Roma, luglio 1946
Avevamo sollecitato un’intervista con Aldo Fabrizi che sta interpretando al Liceo Visconti, in Piazza del Collegio Romano, il nuovo film di Renato Castellani, Mio figlio professore. Fabrizi ci ha ringraziato dell’onore e ha detto che non era il caso, che, insomma, se proprio volevamo fare una intervista coi fiocchi, avremmo dovuto rivolgerci ai “novellini”, ai quattro nuovi “divi” che debuttano nel film di Castellani. « E cosa sono? un quartetto canoro? ». Sì e no. « Per cantare — rispose Fabrizi — le hanno cantate spesso a molta gente; ma che proprio siano canori, non si può dire ».
Il quartetto non era canoro, ma nient’affatto disprezzabile. I “novellini”, se proprio volete saperlo, non sono dei “divi” da strapazzo, ma quattro distinti signori che affrontano — è vero — la macchina da presa per la prima volta, ma con quale bagaglio d’esperienze!

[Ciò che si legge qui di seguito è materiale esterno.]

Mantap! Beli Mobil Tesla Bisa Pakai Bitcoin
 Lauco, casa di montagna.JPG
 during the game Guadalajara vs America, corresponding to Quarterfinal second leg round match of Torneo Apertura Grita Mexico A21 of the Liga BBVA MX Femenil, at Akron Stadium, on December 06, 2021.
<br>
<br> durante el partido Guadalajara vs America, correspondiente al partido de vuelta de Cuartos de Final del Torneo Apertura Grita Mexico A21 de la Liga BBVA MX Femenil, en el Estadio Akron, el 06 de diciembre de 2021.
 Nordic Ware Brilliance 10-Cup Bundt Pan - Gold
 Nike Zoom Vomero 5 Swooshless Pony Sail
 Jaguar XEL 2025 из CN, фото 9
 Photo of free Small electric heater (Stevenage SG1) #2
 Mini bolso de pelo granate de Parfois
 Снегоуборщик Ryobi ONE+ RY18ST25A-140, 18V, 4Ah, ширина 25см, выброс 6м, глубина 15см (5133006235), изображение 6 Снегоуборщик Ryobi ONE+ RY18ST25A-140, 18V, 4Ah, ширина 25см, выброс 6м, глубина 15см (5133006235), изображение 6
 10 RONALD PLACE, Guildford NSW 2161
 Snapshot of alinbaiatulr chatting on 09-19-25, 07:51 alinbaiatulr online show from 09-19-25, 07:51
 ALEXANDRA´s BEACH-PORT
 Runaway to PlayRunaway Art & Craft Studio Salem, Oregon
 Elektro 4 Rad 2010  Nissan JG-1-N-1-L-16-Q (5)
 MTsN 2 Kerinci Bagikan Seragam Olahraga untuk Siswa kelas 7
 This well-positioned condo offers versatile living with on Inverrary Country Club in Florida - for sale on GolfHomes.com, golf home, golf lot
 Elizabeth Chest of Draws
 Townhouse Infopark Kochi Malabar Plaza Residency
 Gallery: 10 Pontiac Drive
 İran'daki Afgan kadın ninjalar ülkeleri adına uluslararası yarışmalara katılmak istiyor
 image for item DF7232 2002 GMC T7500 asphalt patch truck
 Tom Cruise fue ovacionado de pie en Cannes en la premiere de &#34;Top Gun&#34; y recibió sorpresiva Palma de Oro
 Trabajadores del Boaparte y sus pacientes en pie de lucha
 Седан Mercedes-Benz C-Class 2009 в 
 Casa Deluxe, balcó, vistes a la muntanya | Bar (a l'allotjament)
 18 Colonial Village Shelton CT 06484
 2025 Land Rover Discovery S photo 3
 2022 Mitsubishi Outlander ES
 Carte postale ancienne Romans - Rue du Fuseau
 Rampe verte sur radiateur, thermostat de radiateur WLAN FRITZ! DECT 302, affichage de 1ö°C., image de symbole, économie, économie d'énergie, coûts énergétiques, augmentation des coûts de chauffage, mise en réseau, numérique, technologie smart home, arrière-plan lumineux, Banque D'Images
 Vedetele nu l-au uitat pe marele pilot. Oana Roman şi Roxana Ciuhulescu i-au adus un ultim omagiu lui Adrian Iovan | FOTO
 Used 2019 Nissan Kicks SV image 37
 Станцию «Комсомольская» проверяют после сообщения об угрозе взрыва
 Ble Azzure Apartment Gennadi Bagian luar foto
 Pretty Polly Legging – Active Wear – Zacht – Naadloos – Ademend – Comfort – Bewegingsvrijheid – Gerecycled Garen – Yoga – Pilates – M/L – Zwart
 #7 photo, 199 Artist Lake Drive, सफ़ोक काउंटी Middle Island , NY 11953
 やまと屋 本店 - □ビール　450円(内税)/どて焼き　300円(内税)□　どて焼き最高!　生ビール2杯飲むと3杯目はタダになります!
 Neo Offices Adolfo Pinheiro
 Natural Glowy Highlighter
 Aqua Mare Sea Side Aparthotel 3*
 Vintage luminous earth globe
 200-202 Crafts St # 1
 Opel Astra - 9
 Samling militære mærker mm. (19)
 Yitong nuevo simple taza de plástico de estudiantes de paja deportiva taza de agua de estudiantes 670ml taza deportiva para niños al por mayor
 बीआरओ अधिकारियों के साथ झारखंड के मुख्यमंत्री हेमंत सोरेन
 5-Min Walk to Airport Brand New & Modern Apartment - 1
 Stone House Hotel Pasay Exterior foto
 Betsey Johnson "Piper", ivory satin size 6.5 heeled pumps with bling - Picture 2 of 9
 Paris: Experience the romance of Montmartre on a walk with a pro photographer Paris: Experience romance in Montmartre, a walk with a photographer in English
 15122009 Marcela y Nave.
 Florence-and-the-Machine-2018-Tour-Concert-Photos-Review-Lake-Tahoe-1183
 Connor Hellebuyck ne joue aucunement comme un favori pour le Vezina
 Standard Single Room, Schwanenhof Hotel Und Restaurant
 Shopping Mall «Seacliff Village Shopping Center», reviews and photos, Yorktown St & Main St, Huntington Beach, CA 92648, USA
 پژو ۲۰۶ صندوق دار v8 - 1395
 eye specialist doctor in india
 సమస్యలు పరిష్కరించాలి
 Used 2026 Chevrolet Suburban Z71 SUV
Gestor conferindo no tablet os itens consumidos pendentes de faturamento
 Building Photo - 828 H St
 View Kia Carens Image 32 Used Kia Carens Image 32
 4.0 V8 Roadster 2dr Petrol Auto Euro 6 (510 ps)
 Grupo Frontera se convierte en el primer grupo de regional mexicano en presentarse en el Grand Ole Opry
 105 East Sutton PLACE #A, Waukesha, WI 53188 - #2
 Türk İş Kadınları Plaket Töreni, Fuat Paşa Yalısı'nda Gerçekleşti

I quattro si presentano davanti all’obiettivo, ricchi di una vasta cultura cinematografica e il regista non avrà davvero da spender fiato con loro, tanta è vasta la preparazione che possiedono.
Questi attori occasionali che si son messi a far la concorrenza agli Almirante, ai Betrone, ai Marcacci del nostro cinema, sono quattro scrittori romani, tre dei quali hanno pure esercitata la funzione del critico cinematografico: Ercole Patti, l’autore di Quartieri alti; Ennio Flaiano, direttore di una rivista cinematografica; Attilio Riccio, critico del Risorgimento liberale e Mario Soldati, l’autore di L’amico gesuita e il regista di Piccolo mondo antico e Monsù Travet. Quest’ultimo non è esatto dire che si avvicina per la prima volta alla macchina da presa, perché nei suoi vari film è già apparso in parti fugacissime; per l’importanza del ruolo affidatogli, comunque, Mio figlio professore costituisce il suo debutto, tanto più che il suo nome, insieme a quello dei colleghi, sarà regolarmente inserito nei titoli di testa del film.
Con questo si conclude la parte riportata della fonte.